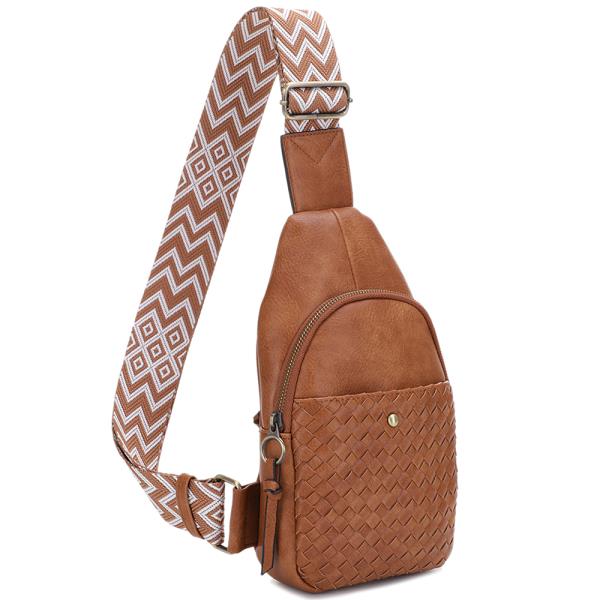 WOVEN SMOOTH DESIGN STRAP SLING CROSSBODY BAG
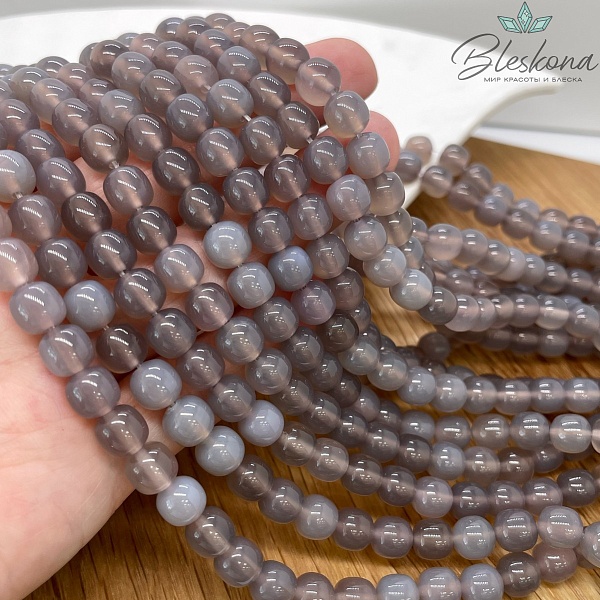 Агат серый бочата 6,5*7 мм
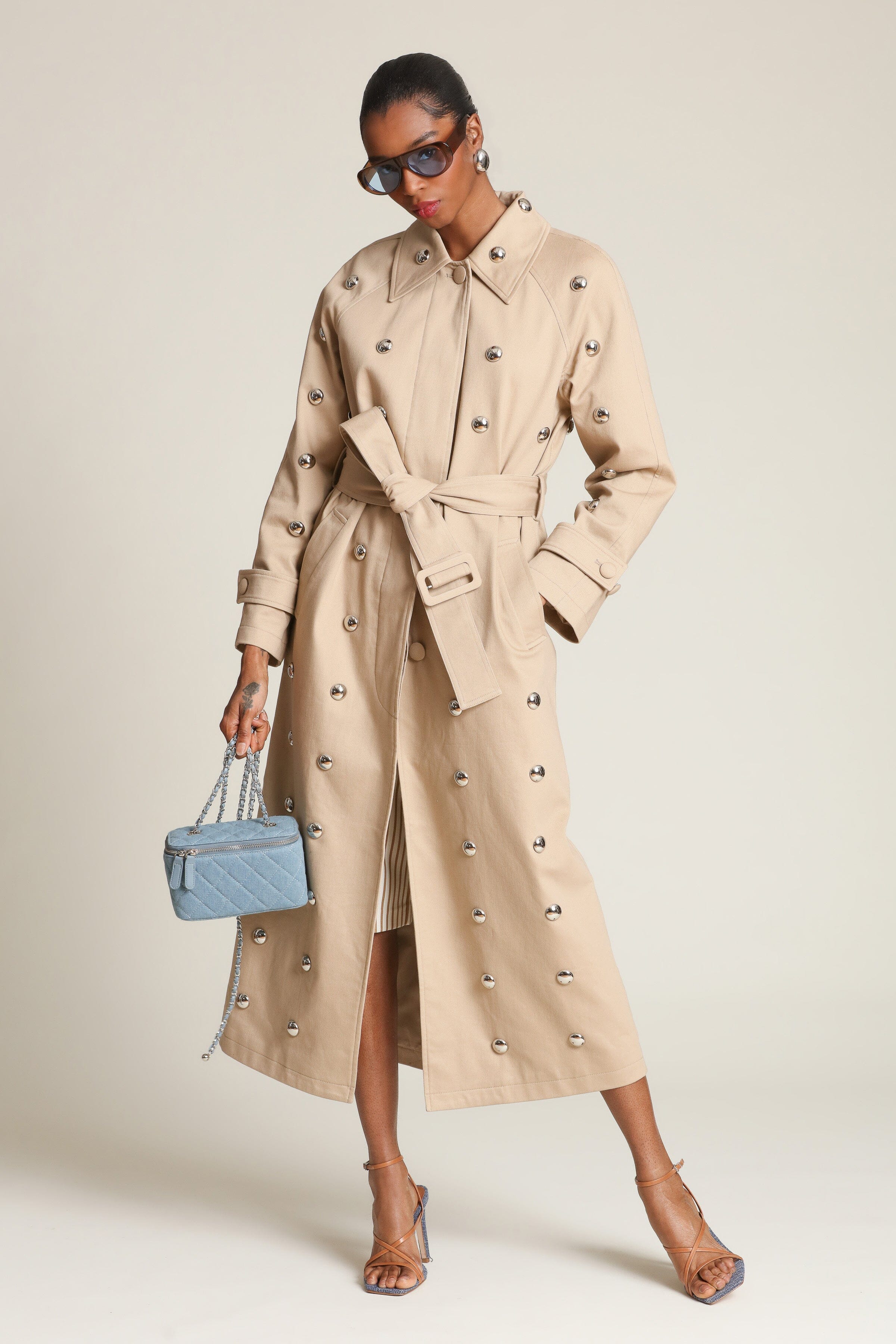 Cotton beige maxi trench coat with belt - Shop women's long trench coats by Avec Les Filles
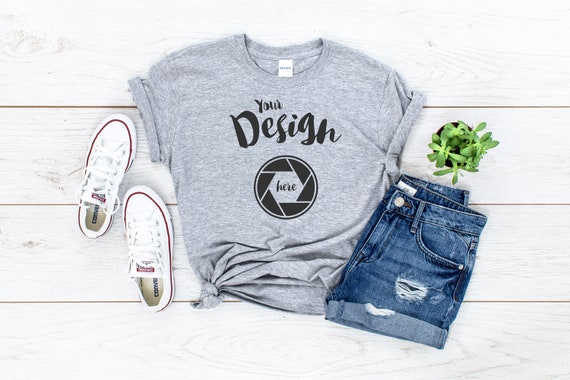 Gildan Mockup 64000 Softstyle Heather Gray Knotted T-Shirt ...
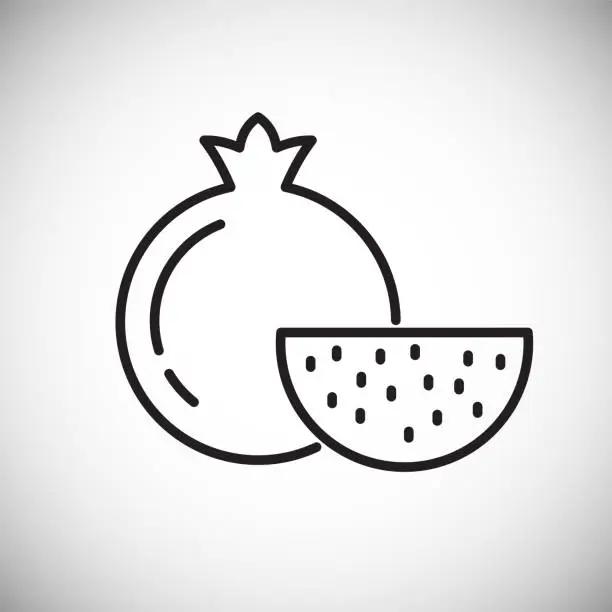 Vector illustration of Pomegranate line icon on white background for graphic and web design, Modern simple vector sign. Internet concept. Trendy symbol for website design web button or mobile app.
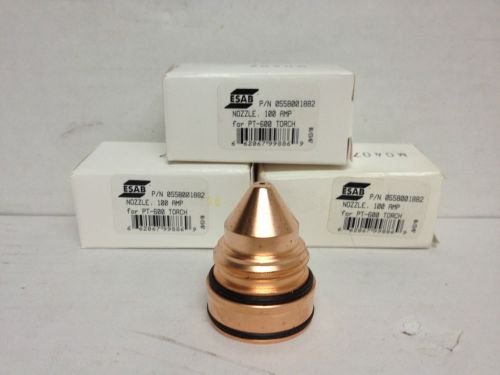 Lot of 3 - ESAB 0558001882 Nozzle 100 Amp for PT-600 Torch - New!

──────────

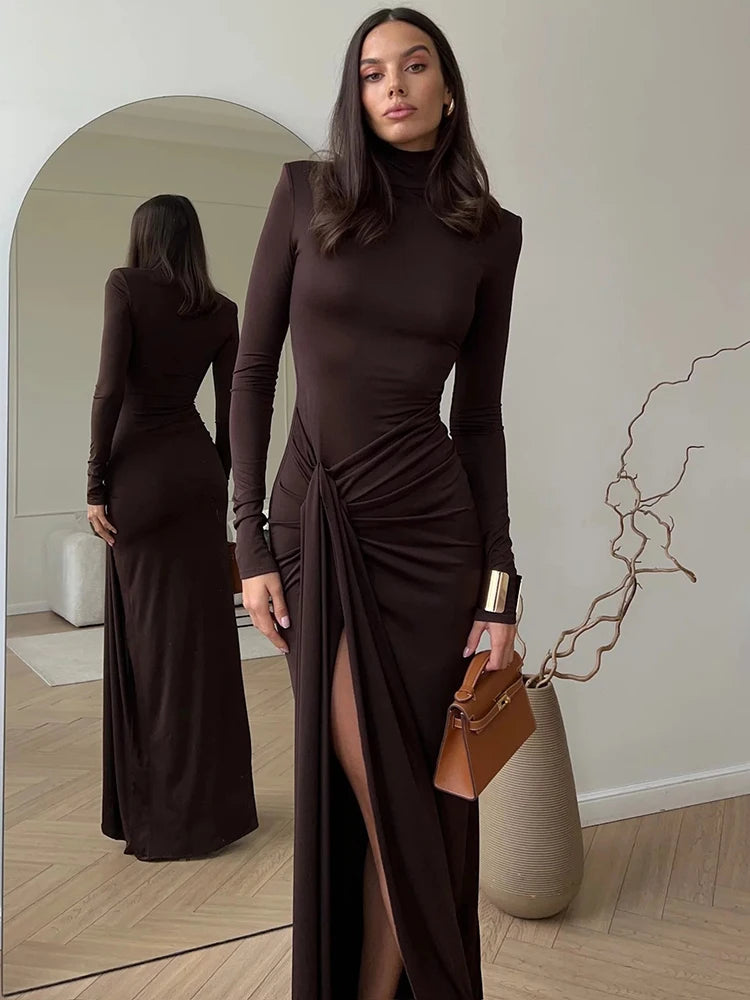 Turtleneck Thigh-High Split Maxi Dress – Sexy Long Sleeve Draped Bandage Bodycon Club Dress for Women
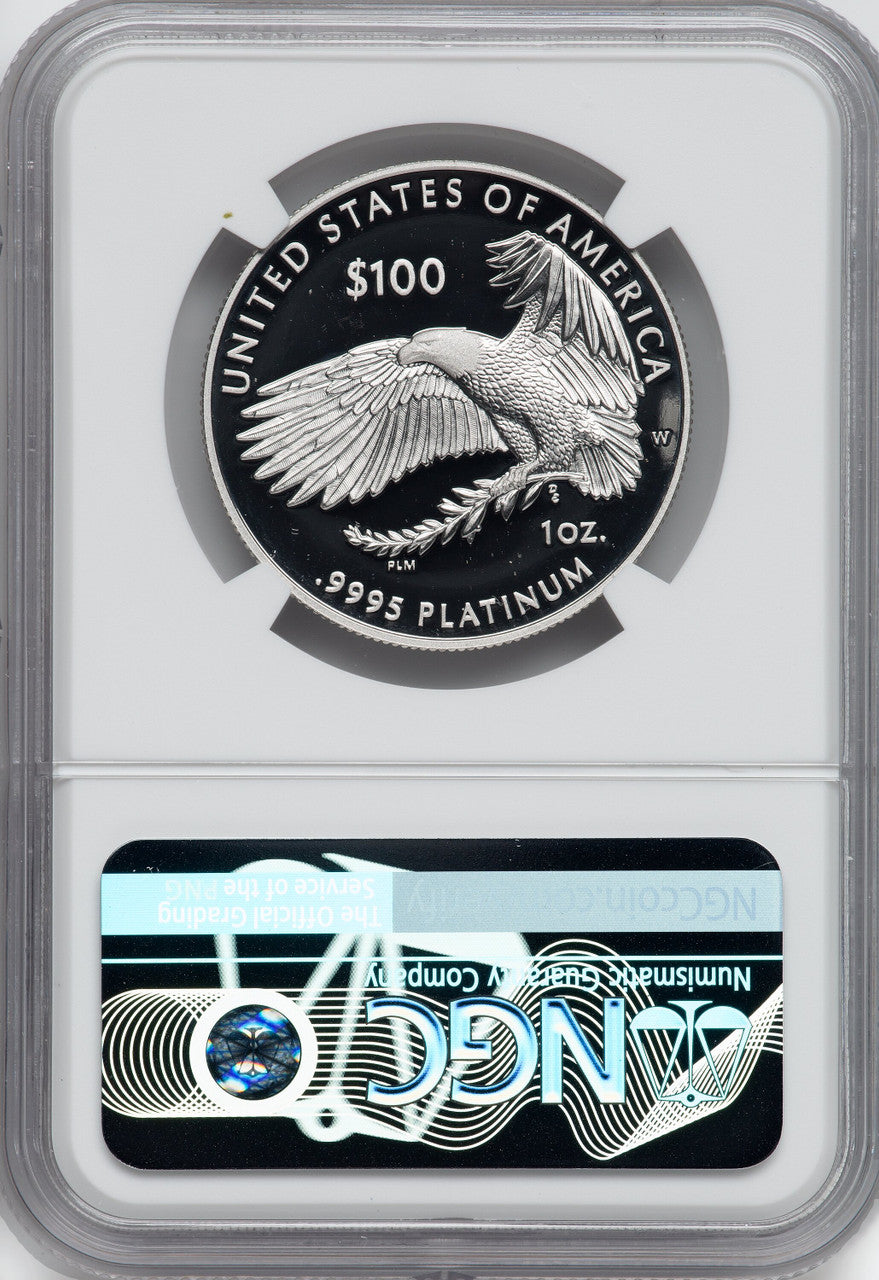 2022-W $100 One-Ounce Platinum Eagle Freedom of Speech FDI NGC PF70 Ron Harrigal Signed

──────────

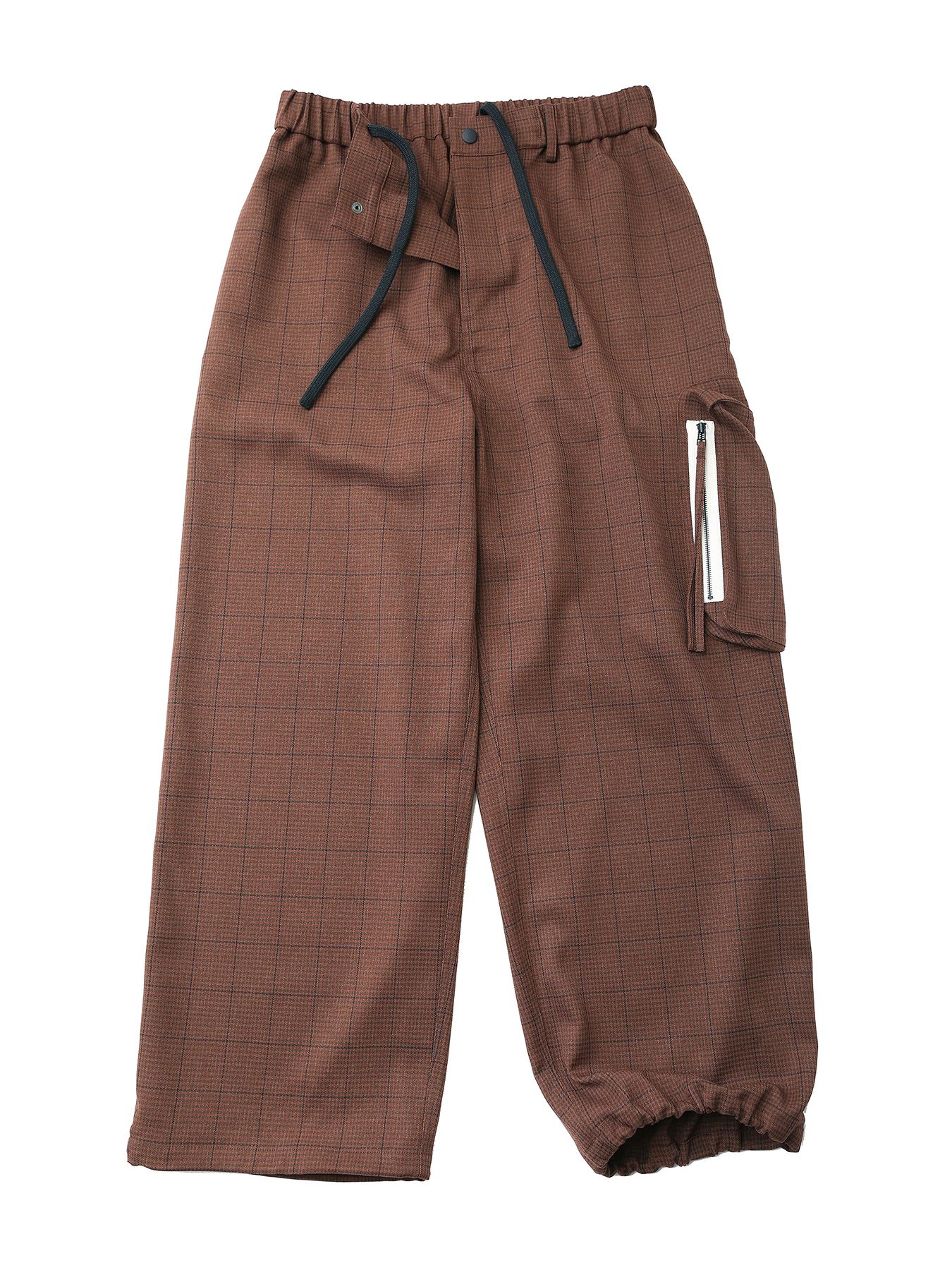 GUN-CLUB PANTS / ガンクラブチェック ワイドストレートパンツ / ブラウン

──────────

- **Required action**
Would you set down only the lines above from the line with "Cotton beige maxi" to the line with "Lot of 3 - ESAB", both included, exactly as they stand and without the pictures?

- **Solution for this problem**
 Cotton beige maxi trench coat with belt - Shop women's long trench coats by Avec Les Filles
 Gildan Mockup 64000 Softstyle Heather Gray Knotted T-Shirt ...
 Vector illustration of Pomegranate line icon on white background for graphic and web design, Modern simple vector sign. Internet concept. Trendy symbol for website design web button or mobile app.
 Lot of 3 - ESAB 0558001882 Nozzle 100 Amp for PT-600 Torch - New!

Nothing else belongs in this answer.